There’s also tension due to Younger Bee’s dwindling sanity, her inability to have children and a disease that threatens to wipe out the human race. It’s definitely a lot to cram into one play, but Norris is a master of economy. He consistently manages to give a scene or a conversation just the right amount of time, his pacing is impeccable and he can tie together disparate elements in a way that makes perfect sense.

 

Steppewolf Theatre - A Parallelogram 01 Steppewolf Theatre - A Parallelogram 03
Steppewolf Theatre - A Parallelogram 05 Steppewolf Theatre - A Parallelogram 07

The acting is phenomenal. You can feel the audience get giddy every time Burke opens her mouth.
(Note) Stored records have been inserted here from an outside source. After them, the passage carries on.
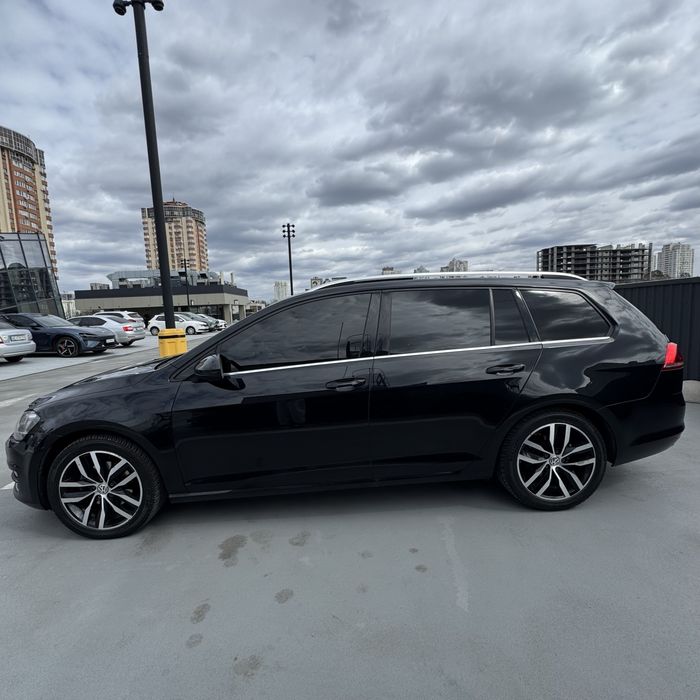 Volkswagen Golf VII 2015 року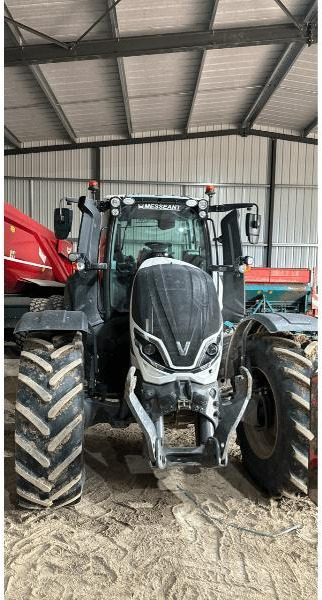 VALTRA T175 - Farm tractor: picture 2 VALTRA T175 - Farm tractor: picture 2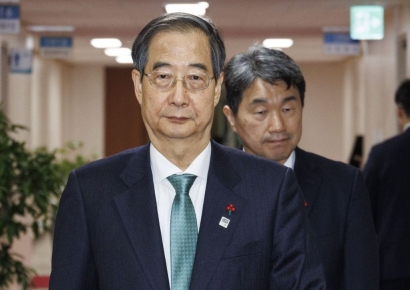 한덕수 총리 "치솟던 물가 안정…수출 중심 경기회복세 가시화"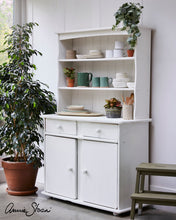 Load image into Gallery viewer, Old White - Chalk Paint® by Annie Sloan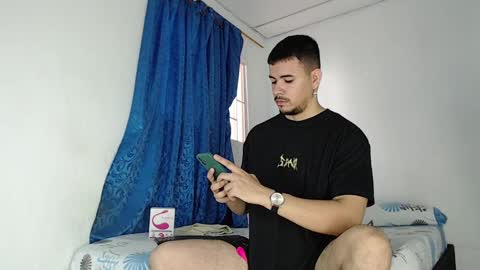 Snapshot of jeycob_happy97 chatting on 10-01-25, 11:49 Juan David online show from 10-01-25, 11:49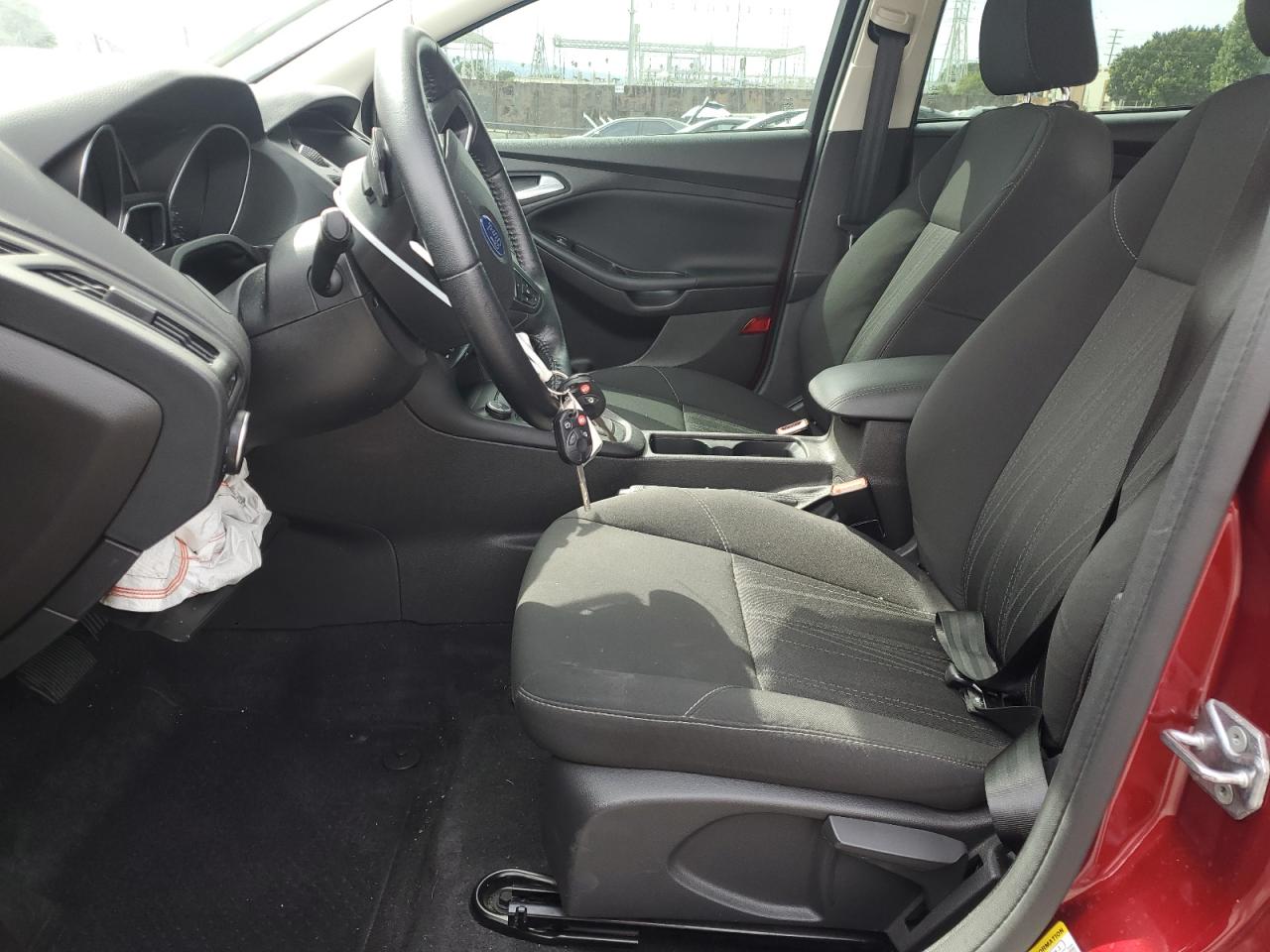 2016 Ford Focus Se VIN: 1FADP3F21GL383968 Lot: 80924145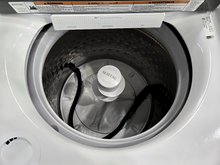 Load image into Gallery viewer, (T08702) Maytag Washer
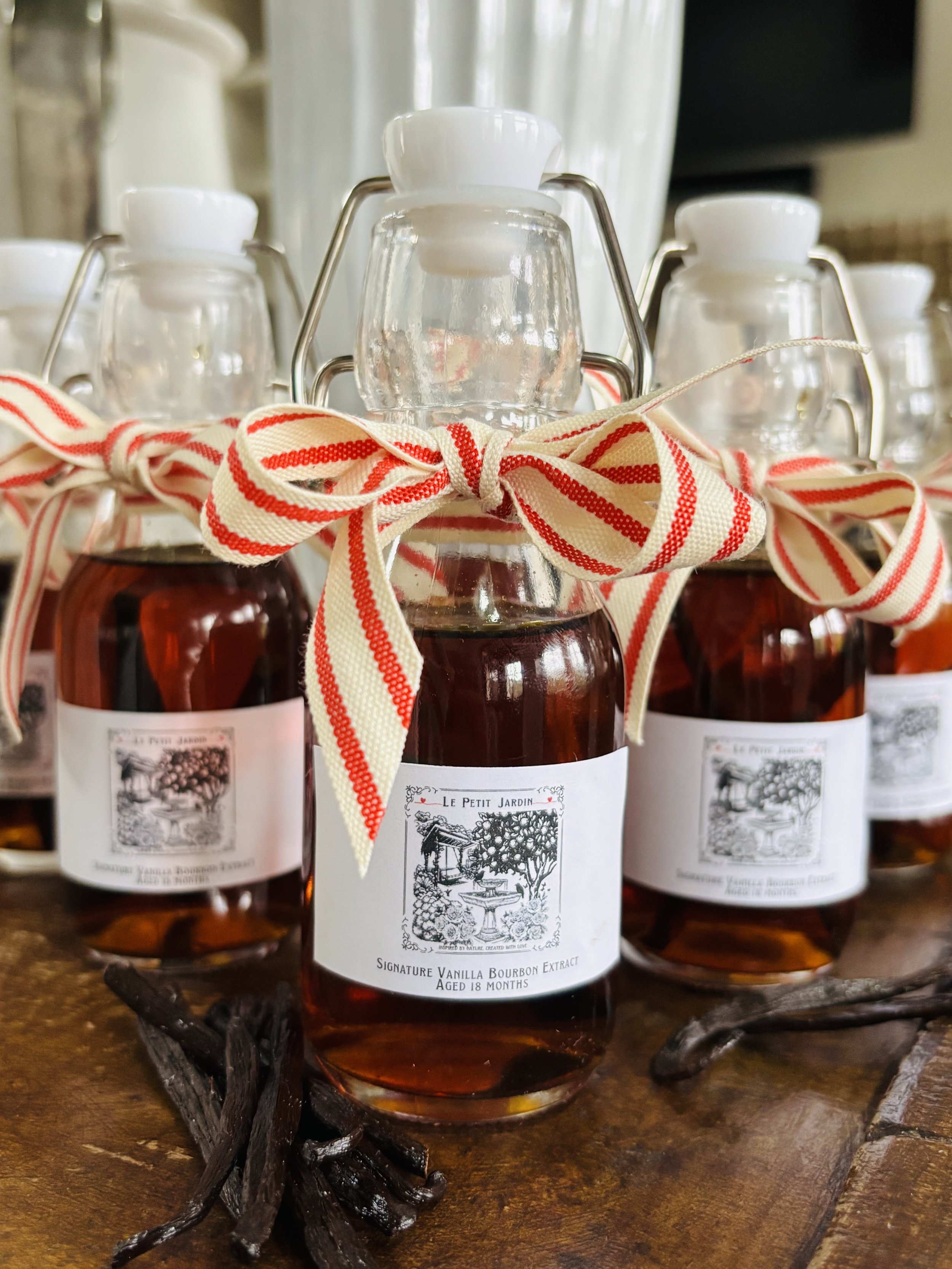 Le Petit Jardin Signature Vanilla Extract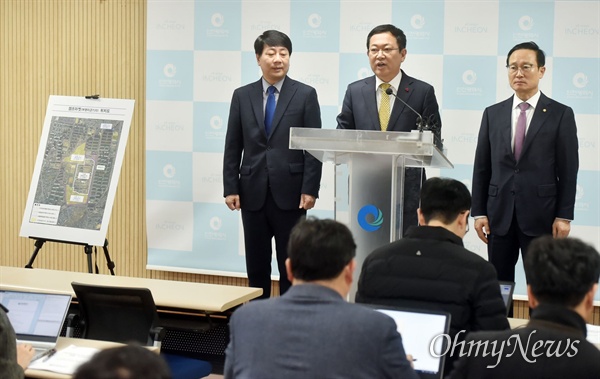 박남춘 인천시장이 12월 11일 시청 브리핑룸에서 부평미군기지(캠프마켓) 반환과 관련해 인천시 입장을 발표하고 있다.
She plays Future Bee with a rare sort of comedic brashness. When she breaks the fourth wall to address the audience, it plays like a George Carlin stand-up routine.

Arrington pulls us into her character, making us feel the pain of knowing, knowing how relationships will end and knowing how people will die. And Irwin makes a great sympathetic jerk who wonders if his future-seeing girlfriend is God’s punishment for his past infidelities.

Director Anna Shapiro knows this material well. She comes at the heady story with a comedic eye, which relieves the pretension that could so easily have sunk the play

And although I don’t often comment on it, the set design is amazing. A Parallelogram has one of the most eye-popping set transitions I have ever seen.

If you don’t already have your tickets, get them now. But then again, what is now? And if you are going to see it, doesn’t that mean you’ve already seen it or that you are seeing it right now? Who knows? Whatever the case may be, go see this play.